“there is some number of colors k for which it is NP-hard (that is, effectively impossible) to distinguish between networks in which it is possible to satisfy at least 99% of the constraints and networks in which it is possible to satisfy at most 1% of the constraints”. I think this sentence is concerning for those interested in the possibility of creating FAI.
Not really. This sounds very similar to an argument I’ve heard that misuses Rice’s theorem to conclude that creating a provably friendly AI is impossible. Here’s the argument, as I remember it: “By Rice’s theorem, there is no general method for determining whether any given AI is an FAI. Therefore it is impossible to build an AI that you can prove is an FAI.” The first step of the argument is correct. However, the next step does not follow; just because there is no method that can correctly tell you which of all possible AIs is friendly, it does not follow that there does not exist a method to prove that some particular AI is friendly. You could use the exact same argument to “prove” that there is no program that provably halts; after all, there is no general method for determining whether an arbitrary program halts. But of course writing a program that provably halts is actually quite easy.

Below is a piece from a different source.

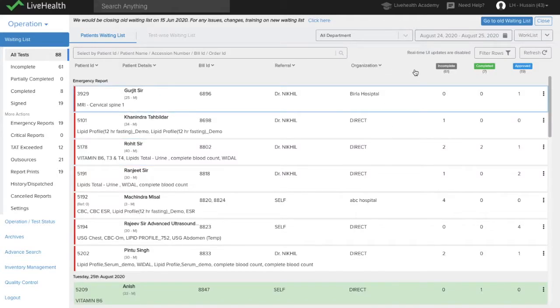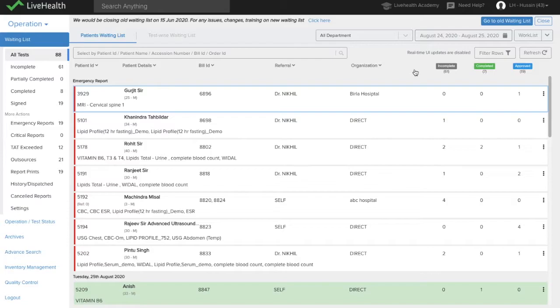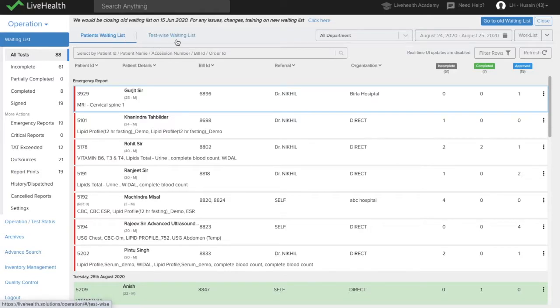Let us see how you can use the waiting list to improve your workflow and productivity in lab operations. So mainly there are two views in the waiting list, patient-wise waiting list and test-wise waiting list. These are the two views which are available.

I looks to me like your argument makes the same error, but starting from this graph coloring thing that I don’t know anything about, instead of from Rice’s theorem. The problem of classifying networks based on how many of some set of constraints it is possible for it to satisfy may be NP-hard, but that does not mean that it is difficult to find some network in which you can satisfy most or even all of the constraints.
It is possible that I’m misunderstanding your argument, but even if I am, I’m not particularly worried that it could be a real problem. You don’t give a concrete reason to believe that this coloring problem has much to do with FAI. In particular, how does it relate to FAI in a way that it doesn’t relate to an operating system? Operating systems are also programs that we want to satisfy a complicated set of constraints. But we can make those.

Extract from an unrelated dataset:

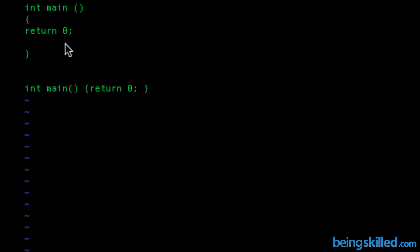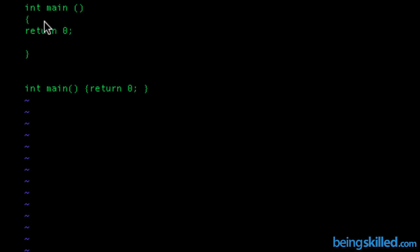If you can see the first program in this, int, main, then space, then parenthesis, and then we have enough space, so it increases the readability. While in the second program,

I think my reply to Lurker, above, might clarify some things. To answer your question.
Making an operating system is easy. Deciding which operating system should be used is harder. This is true despite the fact that an operating system’s performance on most criteria can easily be assessed. Assessing whether an operating system is fast is easier than assessing whether a universe is “just”, for example. Also, choosing one operating system from a set of preexisting options is much easier than choosing one future from all possibilities that can be created (unimaginably many). Finally, there are far fewer tradeoffs involved in choice of operating system than there are in choice of satisficing criteria. You might trade money for speed, or speed for usability, and be able to guess correctly a reasonably high percentage of the time. But few other tradeoffs exist, so the situation is comparatively a simple one. If comparing two AI with different satisficing protocols, it would be very hard to guess which AI did a better job just by looking at the results they created, unless one failed spectacularly. But the fact that it’s difficult to judge a tradeoff doesn’t mean it doesn’t exist. Because I think human values are complicated, I think such tradeoffs are very likely to exist.
We are used to imagining spectacular failures resulting from tiny mistakes, on LW. An AI that’s designed to make people smiles creates a monstrous stitching of fleshy carpet. But we are not used to imagining failures that are less obvious, but still awful. I think that’s a problem.

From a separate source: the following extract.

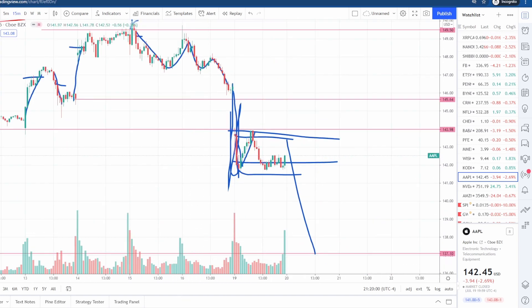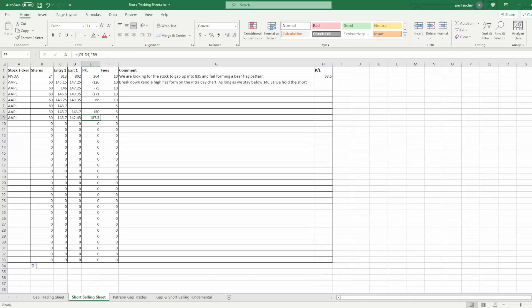Let's go to the spreadsheet to see where we are with our profits. You can see that we unloaded half of our shares at 143.70. It gapped below in the morning pre-market, so we sold it pre-market. Some of you may or may not be able to do that — if you can, great; if not, that's fine, because it kept going down on the open. That actually made a profit of $150, and if we had sold the remaining shares at end of day, that's $187.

We are used to imagining spectacular failures resulting from tiny mistakes, on LW. An AI that’s designed to make people smiles creates a monstrous stitching of fleshy carpet. But we are not used to imagining failures that are less obvious, but still awful. I think that’s a problem.
I think people understand that this is a danger, but by nature, one can’t spend a lot of time imagining these situations. Also, UGC has little to do with this problem.
Not really. This sounds very similar to an argument I’ve heard that misuses Rice’s theorem to conclude that creating a provably friendly AI is impossible. Here’s the argument, as I remember it: “By Rice’s theorem, there is no general method for determining whether any given AI is an FAI. Therefore it is impossible to build an AI that you can prove is an FAI.” The first step of the argument is correct. However, the next step does not follow; just because there is no method that can correctly tell you which of all possible AIs is friendly, it does not follow that there does not exist a method to prove that some particular AI is friendly. You could use the exact same argument to “prove” that there is no program that provably halts; after all, there is no general method for determining whether an arbitrary program halts. But of course writing a program that provably halts is actually quite easy.
I looks to me like your argument makes the same error, but starting from this graph coloring thing that I don’t know anything about, instead of from Rice’s theorem. The problem of classifying networks based on how many of some set of constraints it is possible for it to satisfy may be NP-hard, but that does not mean that it is difficult to find some network in which you can satisfy most or even all of the constraints.
It is possible that I’m misunderstanding your argument, but even if I am, I’m not particularly worried that it could be a real problem. You don’t give a concrete reason to believe that this coloring problem has much to do with FAI. In particular, how does it relate to FAI in a way that it doesn’t relate to an operating system? Operating systems are also programs that we want to satisfy a complicated set of constraints. But we can make those.
I think my reply to Lurker, above, might clarify some things. To answer your question.
Making an operating system is easy. Deciding which operating system should be used is harder. This is true despite the fact that an operating system’s performance on most criteria can easily be assessed. Assessing whether an operating system is fast is easier than assessing whether a universe is “just”, for example. Also, choosing one operating system from a set of preexisting options is much easier than choosing one future from all possibilities that can be created (unimaginably many). Finally, there are far fewer tradeoffs involved in choice of operating system than there are in choice of satisficing criteria. You might trade money for speed, or speed for usability, and be able to guess correctly a reasonably high percentage of the time. But few other tradeoffs exist, so the situation is comparatively a simple one. If comparing two AI with different satisficing protocols, it would be very hard to guess which AI did a better job just by looking at the results they created, unless one failed spectacularly. But the fact that it’s difficult to judge a tradeoff doesn’t mean it doesn’t exist. Because I think human values are complicated, I think such tradeoffs are very likely to exist.
We are used to imagining spectacular failures resulting from tiny mistakes, on LW. An AI that’s designed to make people smiles creates a monstrous stitching of fleshy carpet. But we are not used to imagining failures that are less obvious, but still awful. I think that’s a problem.
I think people understand that this is a danger, but by nature, one can’t spend a lot of time imagining these situations. Also, UGC has little to do with this problem.